Le Pr Jacques Foos, directeur du laboratoire de sciences nucléaires et président du pôle "environnement" du CNAM, fait ici un bilan "qualité/prix"de l'énergie éolienne, à un moment où la polémique enfle sur cette énergie renouvelable en pleine expansion.


default textLe plus grand parc éolien français vient d’être inauguré à Fruges dans le Nord. Au total 70 machines pour une puissance installée de 140 MW. Sur la côte Ouest du Cotentin, un projet de 20 éoliennes pour 80 MW installés est à l’étude. Rien que pour le département de la Somme, 140 communes ont déposé un permis de construire pour plus de 1 000 éoliennes sur leur territoire
Un tel engouement mérite de s’interroger sur cette source d’énergie et de faire, comme pour les autres sources, un bilan « qualité/prix ».

L’énergie éolienne est une source d’énergie dite renouvelable. C’est une ressource d’origine solaire, créée à la fois par les différences de température entre terre, mer et air, et par les gradients de température entre les pôles et l’équateur (0,25 % du rayonnement solaire total est converti en énergie éolienne).

Compte tenu de la pénurie d’énergie qui nous guette sur la planète, à l’échelle d’une génération, cette source d’énergie mérite d’être développée au maximum, mais pas n’importe comment, ni n’importe où ! Compte tenu de son rendement, de l’immobilisation maximal des sols qu’il est possible d’envisager et, enfin, d’une implantation off shore dans les profondeurs d’eau limitées - pour des raisons technologiques - à 40 mètres, sa production potentielle électrique est au maximum de 25 000 TWh par an soit 2 Gtep.

Ceci peut sembler aujourd’hui considérable : c’est à peu près la production électrique mondiale et 20 % de la consommation d’énergie totale mais cela ne concernera que 15 % des besoins électriques de 2050 (en considérant, encore une fois, que l’on a « épuisé » là toutes les capacités possibles de l’éolien sur la planète).

C’est loin d’être négligeable mais cette source d’énergie renouvelable a, entre autres, un énorme défaut, irrémédiable et définitif : elle est intermittente. C’est la raison pour laquelle on parle toujours, pour la valoriser, de puissance installée et non de puissance fournie : le rendement moyen est de 18 %. Son développement passe donc, obligatoirement, par le stockage de l’énergie.

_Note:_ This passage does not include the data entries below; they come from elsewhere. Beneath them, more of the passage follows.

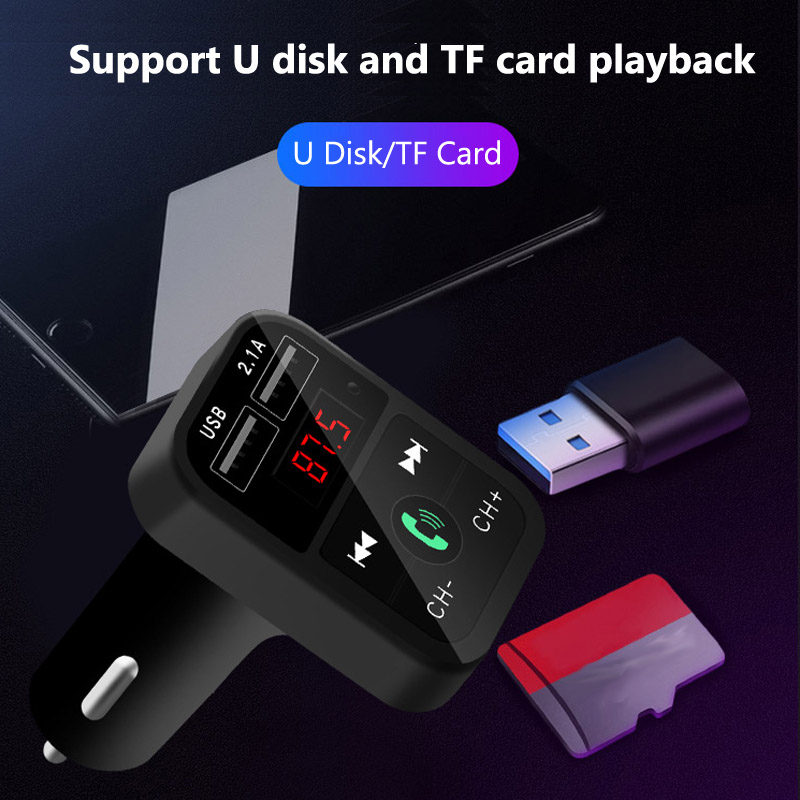 Bluetooth 5.0 Car Kit FM Transmitter Wireless Handsfree Audio Receiver Auto Car MP3 Music Player Dual USB Car Charger
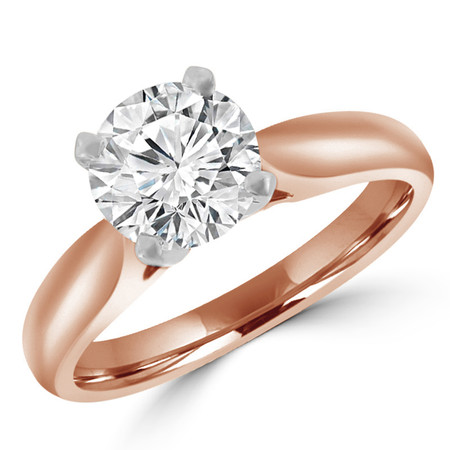 Round Cut Diamond Solitaire 4-Prong Cathedral-Set Engagement Ring in Rose Gold - #1244L-R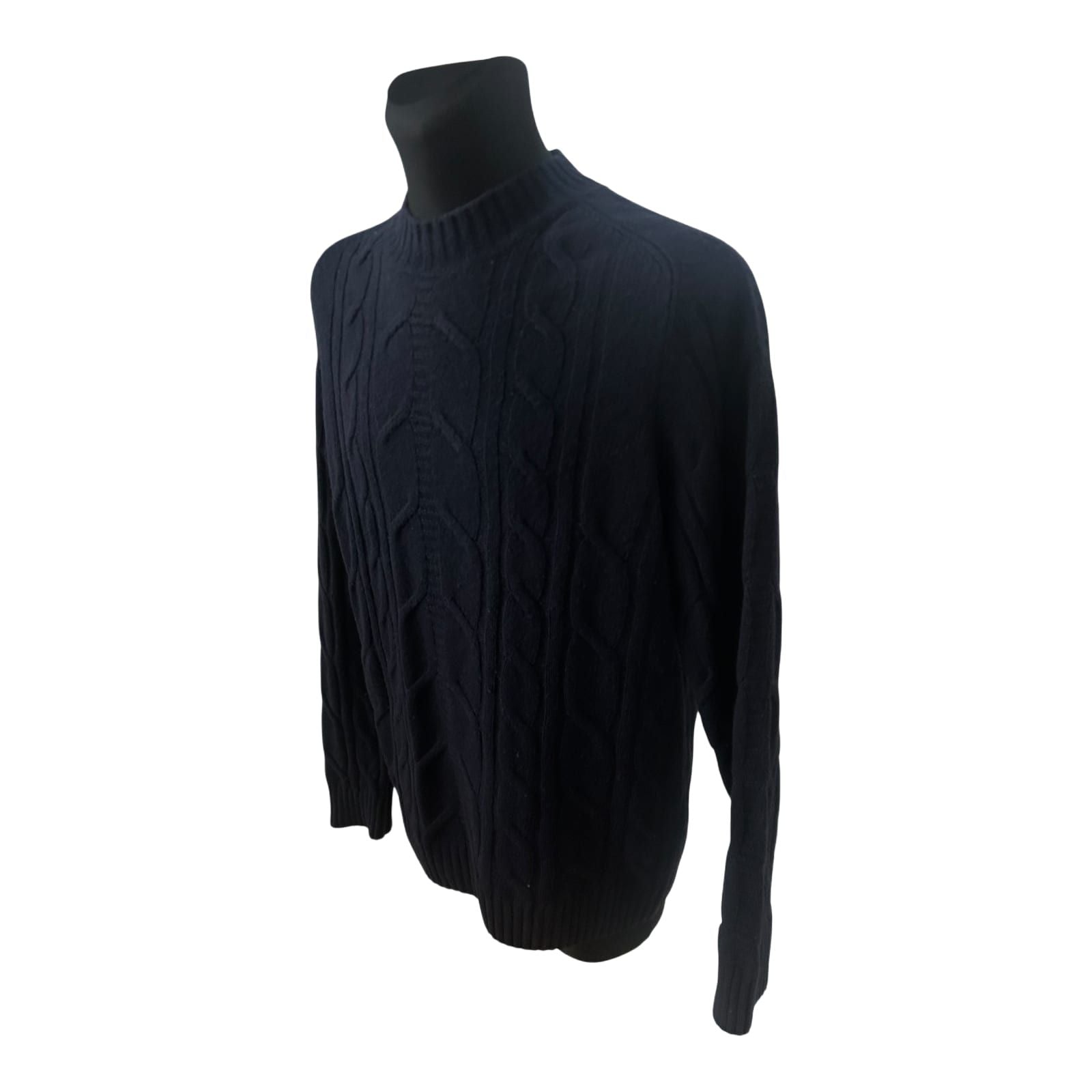 C&A Premium Herren Pullover Dunkelblau Strick Gr L Wolle Klassisch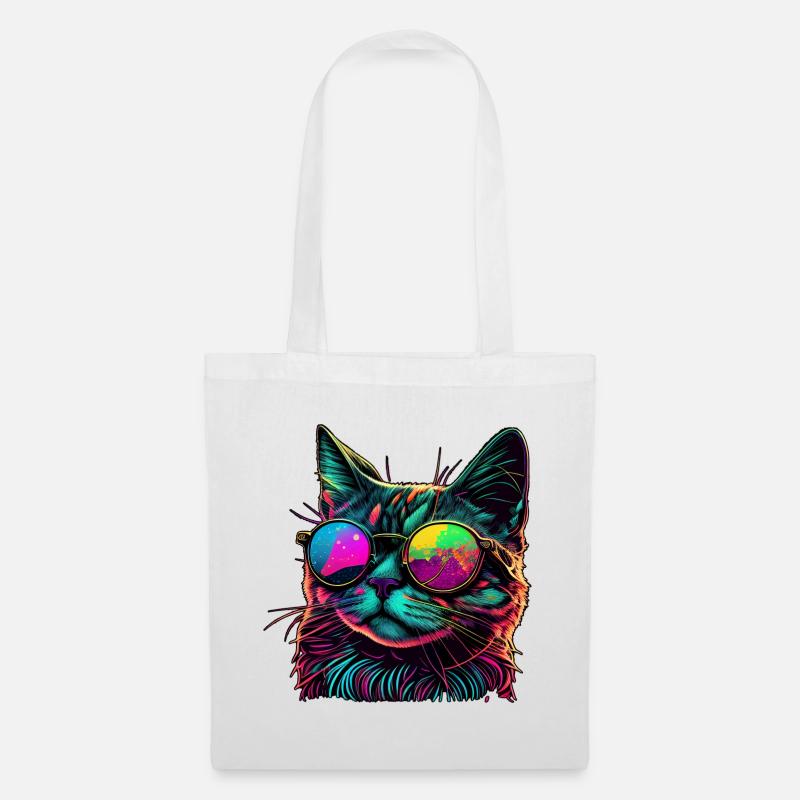 Coole Katze - Stoffbeutel - Weiß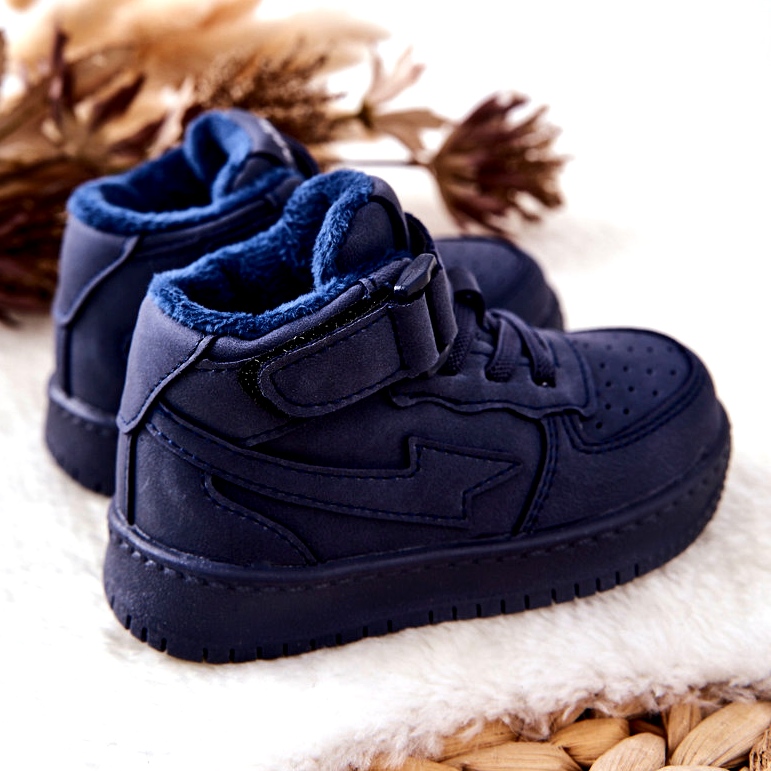 Sapatos esportivos isolados infantis GQ400 azul marinho 1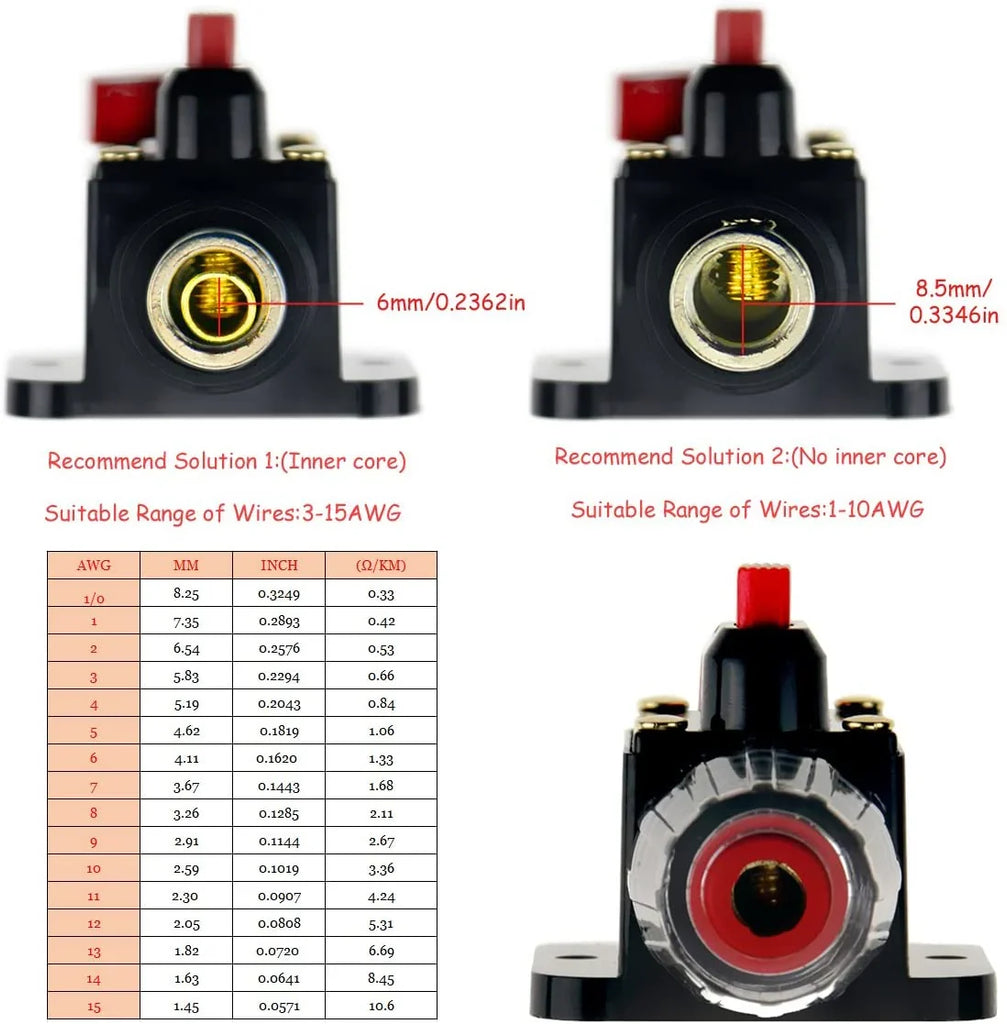 Absolute ICB250 4/8 AWG 250 Amp in-line Circuit Breaker with Manual Reset Car Auto Marine Boat Stereo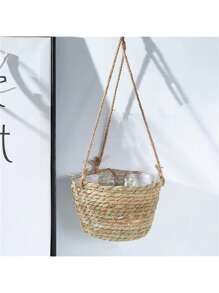 Handcrafted Woven Basket Hanging Planter With Jute Rope - Perfect For Indoor Or Outdoor Decor (Random Color) Gifts Birthday Graduation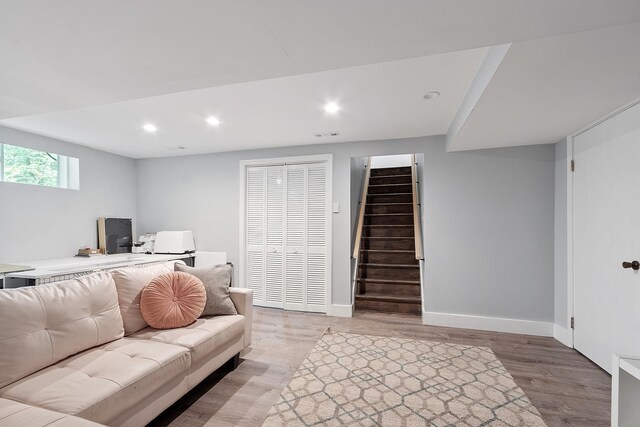 2 Candlewood Rd, Windham, NH 03087 - living area featuring light wood-style flooring, stairs, recessed lighting, and baseboards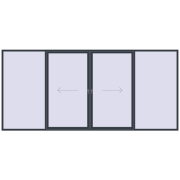 PATIO DOOR REHAU SYNEGO 4800x2200 mm ANTHRACITE_GREY_STRUKTURAL two-sided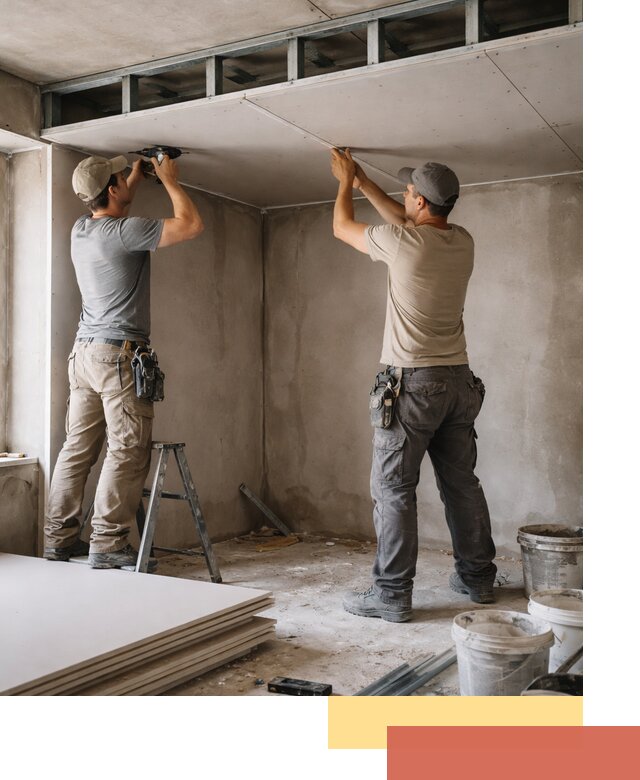 Короб из гипсокартона на потолке под ключ в Дубне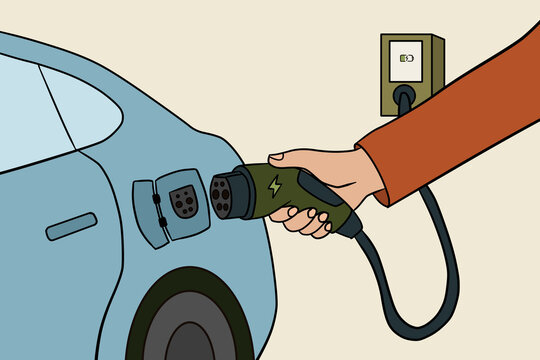 Electric car charging with plug and cable, clean energy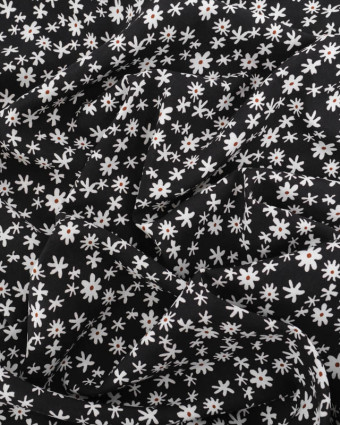Viscose Noire Petites Marguerites  - Mercerine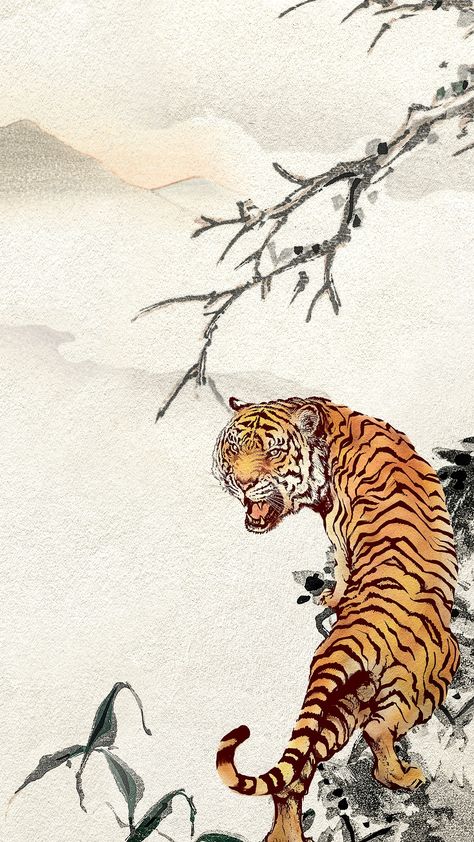 Tiger Aesthetic, Wallpaper Tiger, Tiger Tattoos, Japanese Tiger, Tiger Artwork, Tiger Drawing, Tiger Wallpaper, Print On Demand Business, Chinese Aesthetic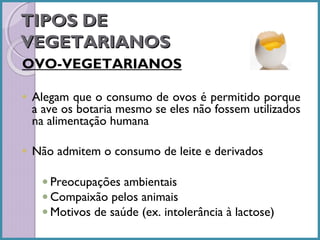 TIPOS DE
VEGETARIANOS
OVO-VEGETARIANOS
•

Alegam que o consumo de ovos é permitido porque
a ave os botaria mesmo se eles não fossem utilizados
na alimentação humana

•

Não admitem o consumo de leite e derivados
• Preocupações ambientais
• Compaixão pelos animais
• Motivos de saúde (ex. intolerância à lactose)

 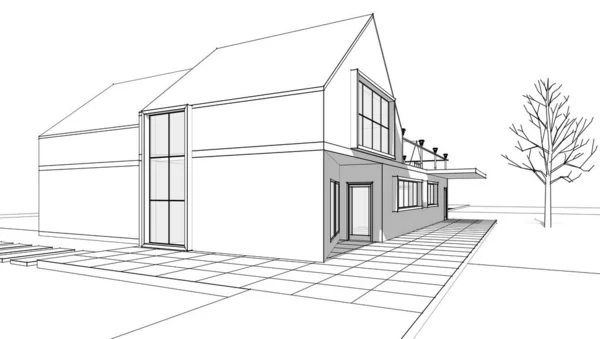 Huis Architectonische Project Schets Illustratie — Stockfoto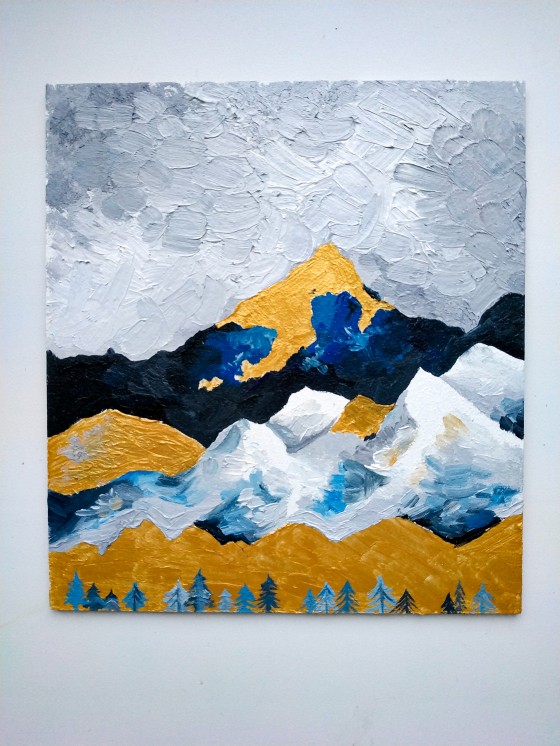 Painting маслом Картина маслом горный пейзаж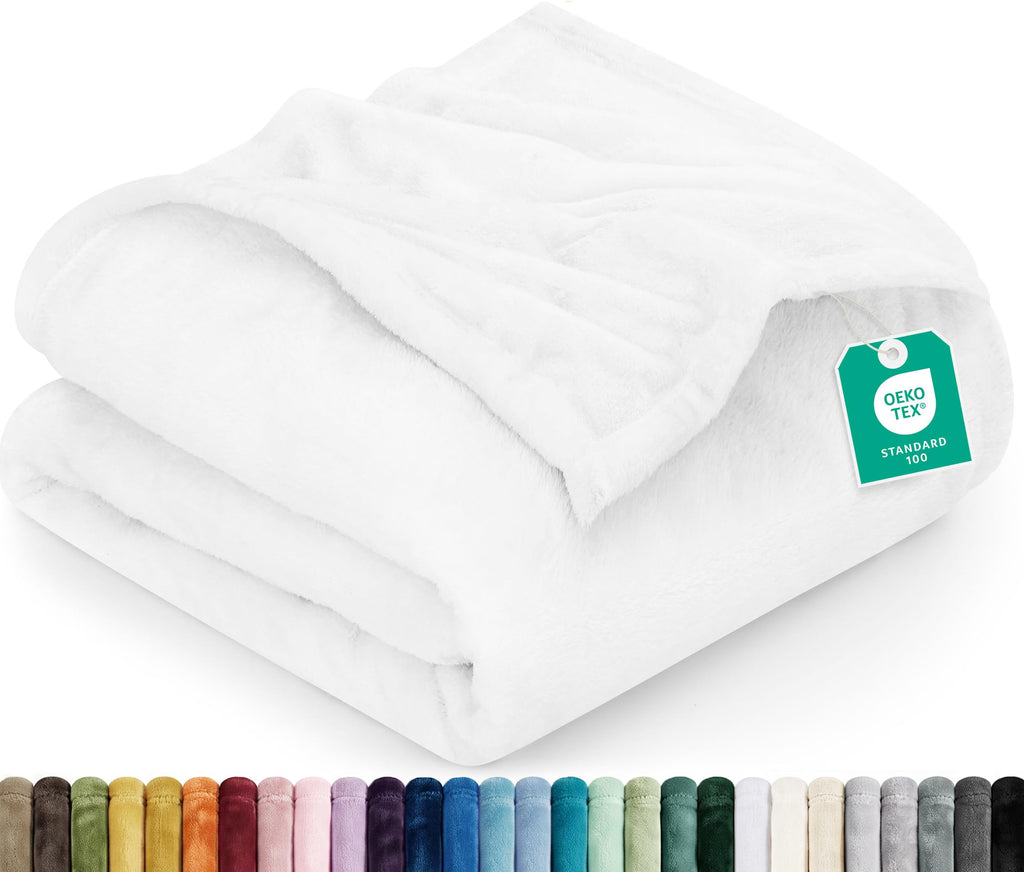 Utopia Bedding Ultra Soft Fleece Bed Blanket Queen Size Grey (90x90 Inches)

Or, ce problème n’est pas résolu à l’heure actuelle. Il n’est pas insoluble mais il ne fait malheureusement pas partie des objectifs stratégiques de la recherche mondiale.

L’énergie éolienne est une ressource abondante mais la surface immobilisée est importante, environ 80 ha par MW produit. Des accidents récents (chute d’éolienne dans le Nord, pale qui se détache et se plante dans un champ dans le Cotentin, …) montrent que ces terres immobilisées devraient être interdites au public et des zones sécuritaires balisées !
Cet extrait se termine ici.